When I look back with my hindsight goggles, however, there weren’t many days that went by when I wasn’t thinking about my story and my characters. (Okay, perhaps while plugged into the morphine drip, but otherwise, yeah, I was writing in my head the whole time.)

On paper, I had written 224 pages of my trilogy. One day last fall I decided it was time to get back to it. (I’ve often wondered if I had a whole lot of living to do before I could tell this story.  I think there’s real truth there or, at least, that’s the story I’m sticking to.) Suffice it to say, I signed up for a master’s program, trashed my glorious 224 pages, plus notes, and started over on draft number two which, in essence, is really just another first draft because, just like me, my beloved novel had changed. I’m 128 pages in this go-round and, holy hell, is it awful.

Disclaimer: My “glorious” 224 pages were awful too. A complete and utter heaping pile of bat dung.

I’m not being modest.

Trust me.

The state of my second attempt at a fecal first draft has me pondering the brilliance of Anne Lamott and her concept of the “shitty first draft.” I haven’t read “Bird by Bird” (my favorite writing book of all time) for years, but I’ve used the term “shitty first draft” a billion times since then in my writing coaching. I’m not going to try to recreate Anne’s words or write them in my own voice because you just shouldn’t fuss with perfection. Here’s what she has to say:

“…shitty first drafts. All good writers write them. This is how they end up with good second drafts and terrific third drafts. People tend to look at successful writers who are getting their books published and maybe even doing well financially and think that they sit down at their desks every morning feeling like a million dollars, feeling great about who they are and how much talent they have and what a great story they have to tell; that they take in a few deep breaths, push back their sleeves, roll their necks a few times to get all the cricks out, and dive in, typing fully formed passages as fast as a court reporter. But this is just the fantasy of the uninitiated. I know some very great writers, writers you love who write beautifully and have made a great deal of money, and not one of them sits down routinely feeling wildly enthusiastic and confident. Not one of them writes elegant first drafts. All right, one of them does, but we do not like her very much. We do not think that she has a rich inner life or that God likes her or can even stand her. (Although when I mentioned this to my priest friend Tom, he said you can safely assume you’ve created God in your own image when it turns out that God hates all the same people you do.)”

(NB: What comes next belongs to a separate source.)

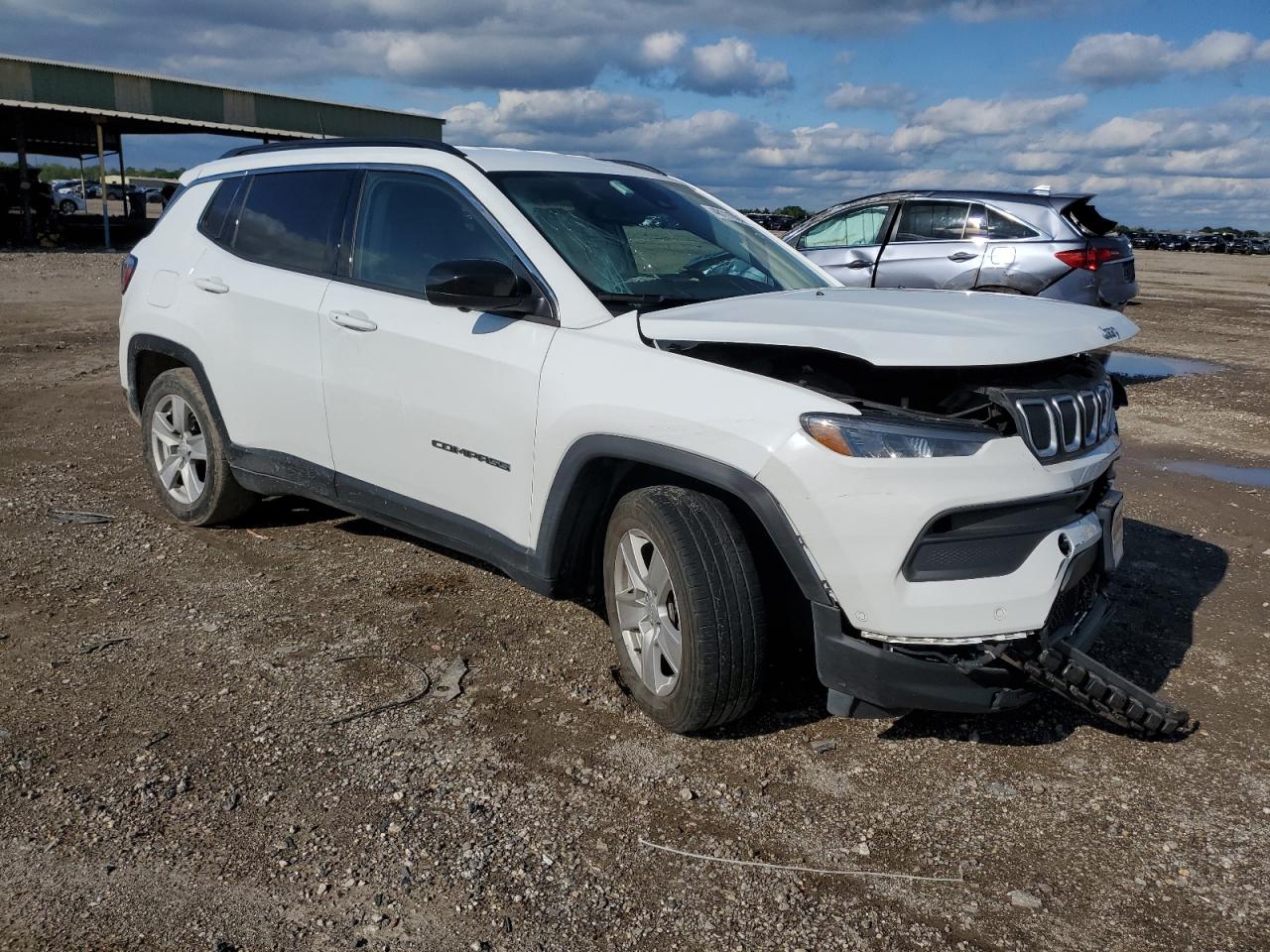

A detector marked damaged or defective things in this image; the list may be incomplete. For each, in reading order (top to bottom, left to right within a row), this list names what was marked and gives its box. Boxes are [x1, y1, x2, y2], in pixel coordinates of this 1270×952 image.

crumpled hood [639, 284, 1135, 367]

Here’s the rub… As I re-read those words I realized I really did think I would get an exemption. A hall pass. An official letter that said, “Hey, you’ve read thousands of books in all the genres, you’ve taken every writing course known to man, you went for a bachelor’s in creative writing and now you’re working on a master’s in the same vein. You’ve studied all the craft books. You’ve been blogging consistently since 2009. You go ahead and write out your brilliance on the first take.” I quite literally believed that all of those logged hours of writing, reading, studying, and helping folks to birth their own books, would mean I was off the hook for the “shitty first draft.”

I wasn’t.

But in knowing this concept inside and out, what strikes me most is what a hard time I give myself over my crappy writing. I mean, this is my work in the world. I give writers permission to write their own shitty first draft every single day. I profess it like a mantra. I’m sure my clients would like to bash my head in sometimes. I also give writers full autonomy to write what comes and I advise them to keep the creation process wholly separate from the editing process so their inner critic can’t raise its ugly head so often, or so harshly. And their books are born that way. Yet somehow, I assumed that my book baby would rush out of my creative center devoid of mucous, cooing happily, and without the cone head.

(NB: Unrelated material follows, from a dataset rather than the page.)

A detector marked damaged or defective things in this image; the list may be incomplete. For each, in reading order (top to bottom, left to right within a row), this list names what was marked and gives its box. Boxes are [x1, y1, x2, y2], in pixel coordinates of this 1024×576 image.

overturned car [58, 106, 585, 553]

What an idiot. Or not… How can I say yes to a shitty first draft? Well, for one, I know what I want my book to be and I know it’s not there yet. That is beautiful, people. Enough cannot be said about that inherent knowing of how you want your work to be in the world; of how you see it in its future incarnation; of how glorious is its potential. That’s where all my logged hours of reading and study comes in. I know what makes up a good book, for me, and I know I’m not there yet. So I get to sit, draft after draft, and clean off the slime. If I didn’t enjoy the process so much, I’d take up nail filing or something.

Regardless, I don’t get a hall pass. I don’t get an exemption certificate. No letter is coming anytime soon. I get to sludge through every gaping hole in my plot. I get to tackle every character detail disconnect until I know my characters as well as I know myself. I get to swim upstream through my passive voice and my cloyingly annoying adverbs and -ing words. <— See what I did there?

Just like every other writer in the world.

[tweetthis]No writer gets a hall pass excusing them from writing a “shitty first draft.”[/tweetthis]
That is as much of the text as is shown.